[Start of Attachment]
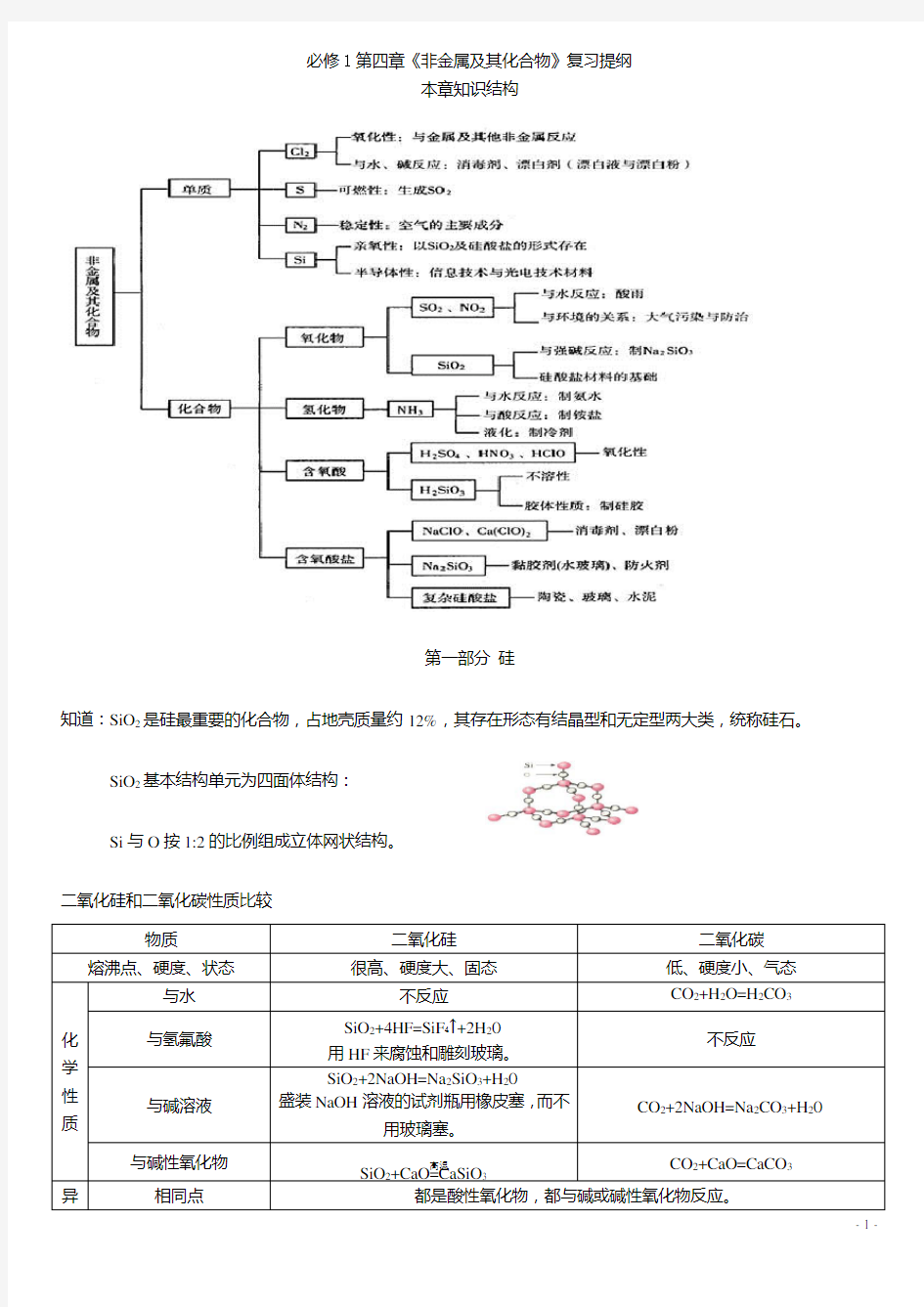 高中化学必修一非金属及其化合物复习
[End of Attachment]
[Start of Attachment]
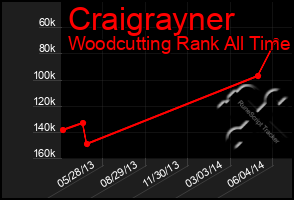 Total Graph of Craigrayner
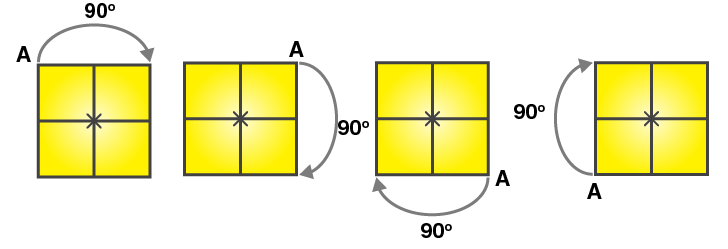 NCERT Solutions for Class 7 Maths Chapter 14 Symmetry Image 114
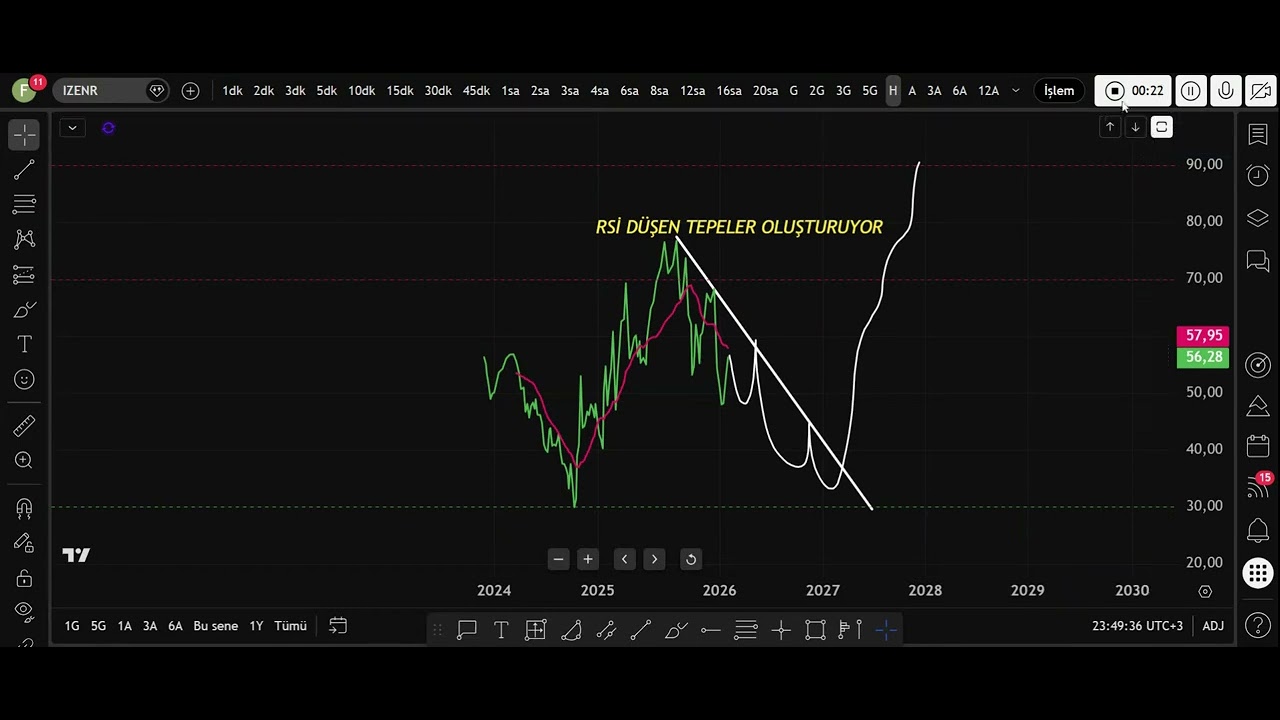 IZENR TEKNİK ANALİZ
[End of Attachment]
WHAT THE EXERCISE ASKS
For this exercise, set down the lines in the entries above from the one with "Total Graph of Craigrayner" through the one with "IZENR TEKNİK ANALİZ" exactly as written, without any pictures.

RESULT OF THIS EXERCISE
 Total Graph of Craigrayner
 NCERT Solutions for Class 7 Maths Chapter 14 Symmetry Image 114
 IZENR TEKNİK ANALİZ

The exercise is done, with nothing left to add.